Am I trying to change your mind, of coarse not! If it works for you, awesome. But if you have any missteps along the way, try DECA, it just works, the way it's designed!

And as others have said, stringing ethernet lines throughout a house may not be all that easy! And I personally wouldn't trust wireless.


----------



## Doug Brott (Jul 12, 2006)

upmichigan said:


> Dear God this side of DBSTALK is out of control...lol. Somehow I feel Ethernet is best, It just seems more simple. The more I read the more confused I am. For sure I will be staying put for a long while with what works best and Im convinced it is Ethernet enabled MRV. IMO.

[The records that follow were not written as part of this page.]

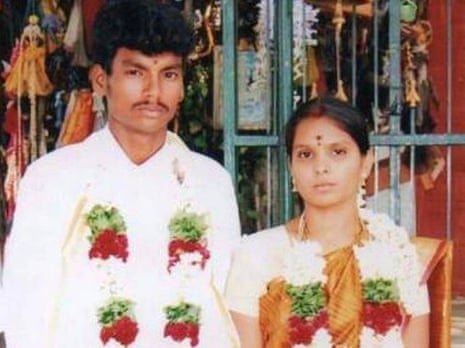 Dalit youth Shankar and his Thevar wife Kausalya at the time of their marriage.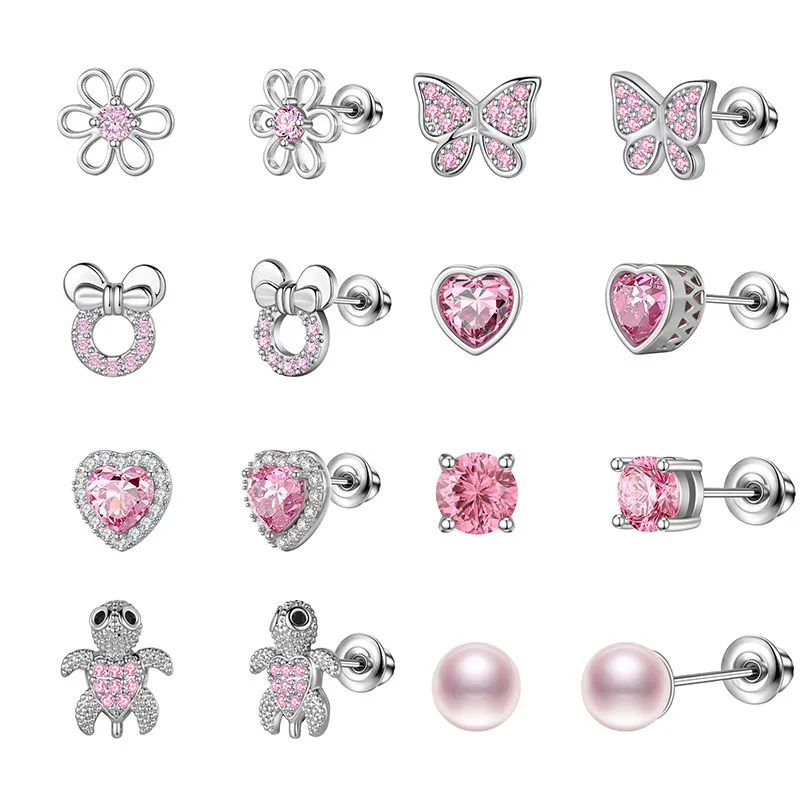 Cute Pink Pig Stud Earrings - 925 Sterling Silver Tiny Animal Cartilage Earrings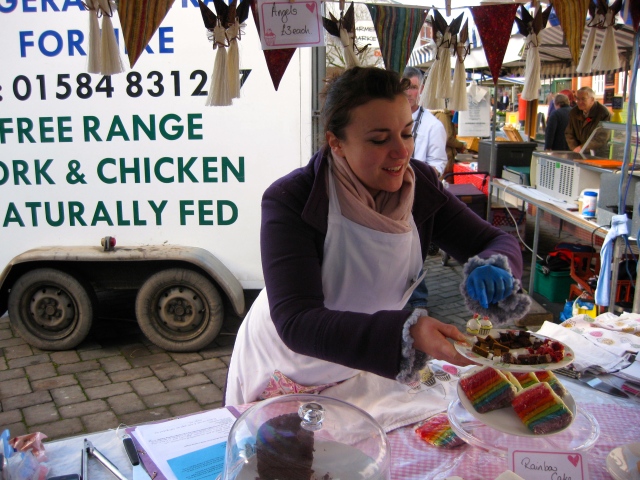 Beth Parkinson at her stall at Leominster farmers' market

There has certainly been a lot of excitement here @ DBSTalk over DECA .. However, I think it's warranted excitement. I hope everyone here that is networked chooses to go that route .. although I also hope that going that route is a happy process and not a frustrating one as it has been for some due to some of the issues we've seen this week.

For the geeks in this crowd, Ethernet is the most familiar (thus the most comfortable). I get that, and Ethernet is a great general purpose solution. If you live and breath Ethernet every day, it is simple and makes a lot of sense.

DECA really isn't that complicated, and having done both I'd push DECA in a New York Minute. It's really EASIER to install than Ethernet if you don't have any cabling in place. most of the folks here simply want an existing location to have networking .. coax already exists, just add a DECA and you're good to go. No Ethernet wire to string .. connectors to terminate or switches to buy. Past that, DECA is optimized for MRV. DECA will perform as good as or better than any other networking method simply because it understands that Trick Plays are more important than video frames.

Yes, wired Ethernet will work, and additionally, even wireless and powerline will work (better in some cases than others). But the right tool for this job is DECA.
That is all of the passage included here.